Nevertheless, there is plenty to be upset about without descending into histrionics and melodrama. For example, the administration’s brief reveals one cynical reasoning behind DOMA: that Congress has a right to determine how it preserves “the scarce resources of both the federal and State governments” (i.e. they save money by denying marriage equality to same-sex couples).
It also gives a tortured reasoning as to why DOMA does not violate the Equal Protection clause of the constitution. In case the court is inclined to see gay people as a suspect class, the brief points out that DOMA doesn’t mention gay people, but simply defines the gender of those who must be recognized as married by the federal and state governments — a legal re-casting of the utterly facetious “gays can marry people of the opposite sex” argument.
And the mere fact that the Obama administration sees fit to try to justify the constitutionality of DOMA is very troubling. When Obama ran for the Democratic nomination for President, he distinguished himself from other front-runners by declaring that he was for DOMA’s full repeal. That contrasted with Sen. Hillary Clinton’s position of advocating for only partial repeal of DOMA and leaving intact the provisions allowing states to refuse to recognize same-sex marriages performed in other states. When Obama became president, the new White House web site repeated his call for repealing DOMA. But that commitment has since been quietly dropped when the web site was revamped in April.
This case, Smelt v United States, is separate from the highly publicized case of Perry v Schwarzenegger, which was brought by the two prominent lawyers Ted Olson and David Boies and funded by the American Foundation for Equal Rights. In Smelt v U.S., the plaintiffs are a married couple seeking federal recognition of their California marriage, as well as the recognition of their marriage in other states. Perry v Schwarzenegger was brought by two unmarried same-sex couples and challenges California’s ban on same-sex couples’ access to marriage. There is also another separate DOMA challenge filed by GLAD on behalf of the widower of the late openly gay Congressman Garry Studds.

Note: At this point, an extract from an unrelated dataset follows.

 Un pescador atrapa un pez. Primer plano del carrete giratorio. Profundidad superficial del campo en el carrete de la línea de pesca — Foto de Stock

Update: Want another reason to be upset about this move by the Obama administration? How about this statement from Justice Department spokesman Matt Miller:
As it generally does with existing statutes, the Justice Department is defending the law on the books in court. The president has said he wants to see a legislative repeal of the Defense of Marriage Act because it prevents LGBT couples from being granted equal rights and benefits. However, until Congress passes legislation repealing the law, the administration will continue to defend the statute when it is challenged in the justice system.
Miller is hiding behind the fact that the administration is charged under the constitution with the duty to enforce the law. But that is not the same as saying the administration is obligated by that same constitution to defend the law in court. The constitution does no such thing. In fact, virtually every administration has gone to the courts on behalf of plaintiffs or on their own behalf seeking to strike down laws they don’t like. This is a weak statement from a meek administration.